We can further optimize Lomuto with a 3-way partition to improve the efficiency of Lomuto further for specific inputs as well as make the algorithm stable.
Let's cover 2-way Lomuto first.
extension Array where Element == Int {
mutating func lomutoPartition() {
guard !self.isEmpty else {
return []
}
// Step 1
let random = Int.random(in: startIndex, endIndex)
self.swapAt(startIndex, random)
let pivot = startIndex
var left = startIndex
// Step 2
for i in (startIndex + 1) ..< endIndex {
if self[i] <= self[pivot] {
left += 1
swapAt(i, left)
}
}
swapAt(startIndex, left)
}
}
Best Case Time Complexity: O(N)
Average Case Time complexity: O(N)
Worst Case Time Complexity: O(N)
Space Complexity: O(1)
The changes between 2-way and 3-way complexities is found in the Gather step 3 of QS rather than Lomuto.
The above code can be easily modified with a third partition containing only values that equal the pivot. This ensures stability of the partitioning code. We use an additional pointer to track the rightmost value within a middle partition.
Swapping a value from the right partition with the middle partition is the same logic as the 2-way partition algorithm from above. We also need additional logic for 3-way partitioning to increment the middle partition pointer when swapping a value from the right partition to the left partition. We achieve this via 2 swaps from the right to the middle and then from the middle to the left partitions.
extension Array where Element == Int {
mutating func lomutoPartition() {
guard !self.isEmpty else {
return []
}
// Step 1
let random = Int.random(in: startIndex, endIndex)
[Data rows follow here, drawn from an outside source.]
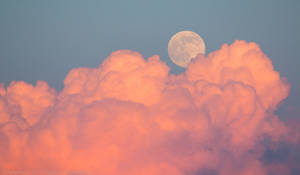 Moon Pink Aesthetic Cloud Desktop Wallpaper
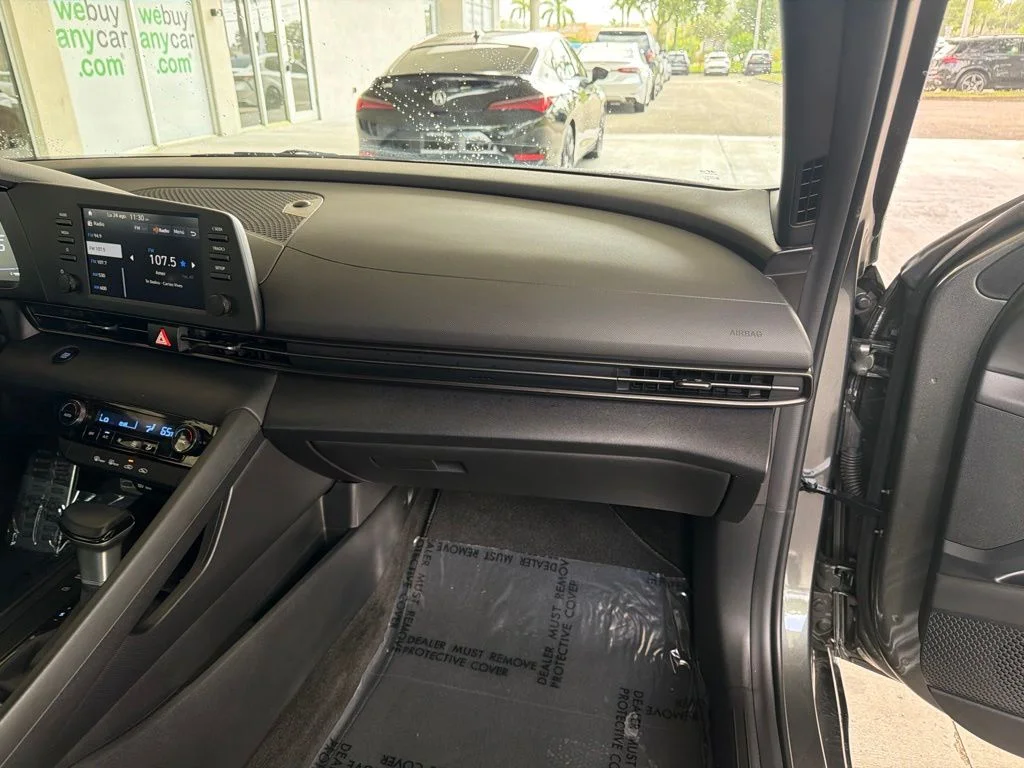 Used 2025 Gray Hyundai SEL Sport image 31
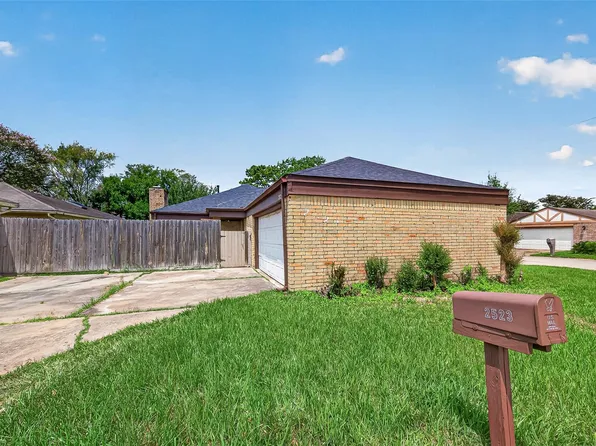 2523 Creekway Cir, Missouri City, TX 77459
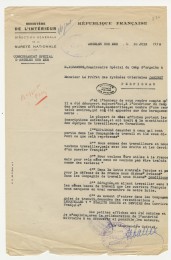 Rapport du 10 juin 1939 du Commissaire spécial du Camp d’Argelès-sur-Mer au Préfet des Pyrénées-Orientales sur la découverte d'affiches de travailleurs étrangers demandant les mêmes conditions de travail que les travailleurs français.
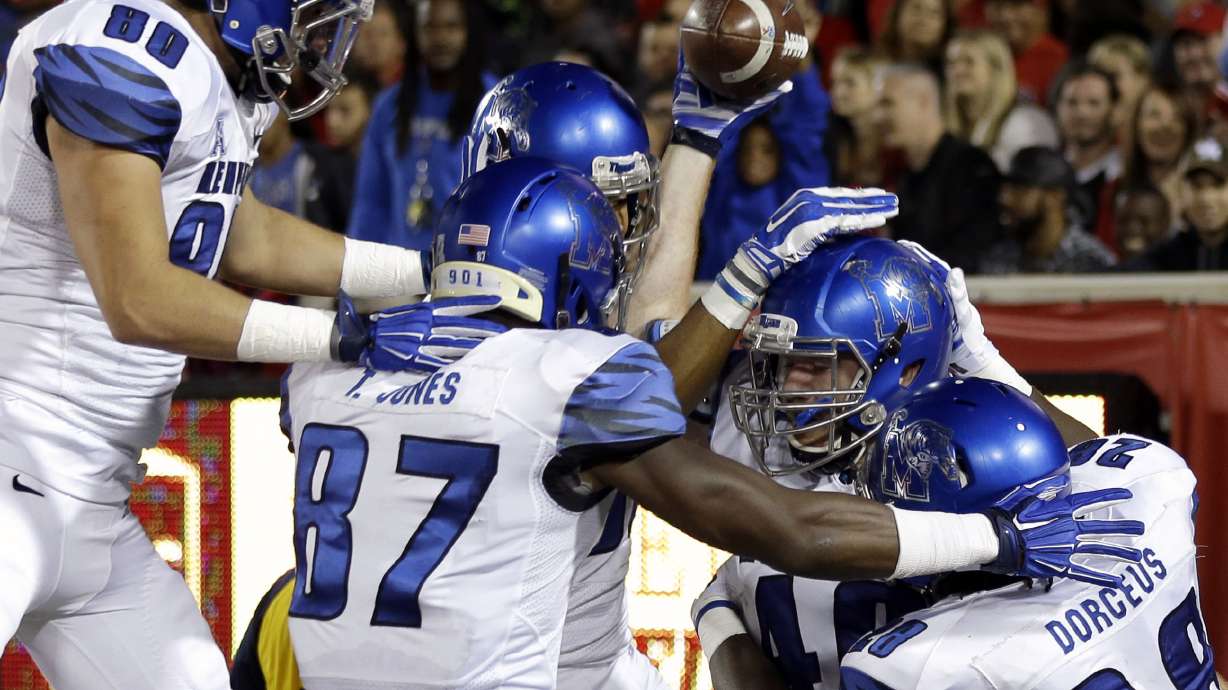 No. 16 Houston rallies for 35-34 win over No. 25 Memphis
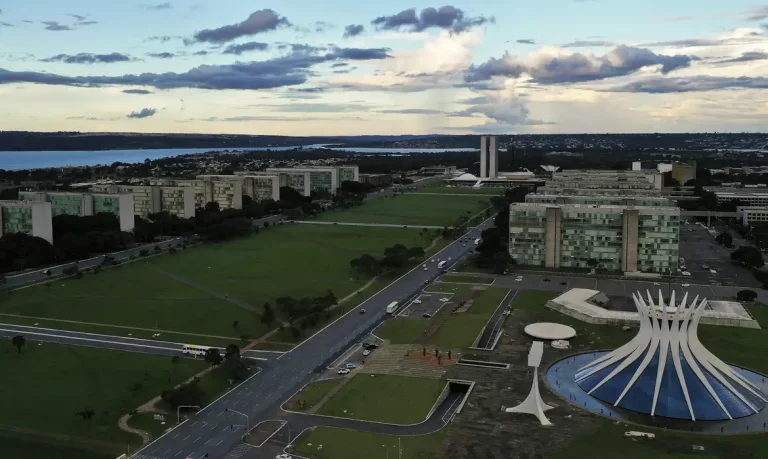 brasilia_60_anos_esplanada_dos_ministerios_0420202390_2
self.swapAt(startIndex, random)
let pivot = self.startIndex
var left = startIndex - 1
var mid = startIndex - 1
// Step 2
for i in (startIndex + 1) ..< endIndex {
if self[i] < self[pivot] {
mid += 1
swapAt(i, mid)
left += 1
swapAt(mid, left)
} else if self[i] == self[pivot] {
mid += 1
swapAt(i, mid)
}
}
swapAt(startIndex, mid + 1)
}
}
Best Case Time complexity: O(N)
Average Case Time complexity: O(N)
Worst Case Time Complexity: O(N)
Space Complexity: O(1)
QuickSort divides and conquers the problem of sorting efficiently as well as with stability (Lomuto 3-way). The same technique of partitioning can be useful in a wide variety of contexts outside QS.
There are multiple partitioning schemes available, and these may be useful for different situations depending on whether we want stability or efficiency.
Partial sorts are useful for problems where we don't need a fully sorted array, but only want the position of a particular pivot value in the sorted output.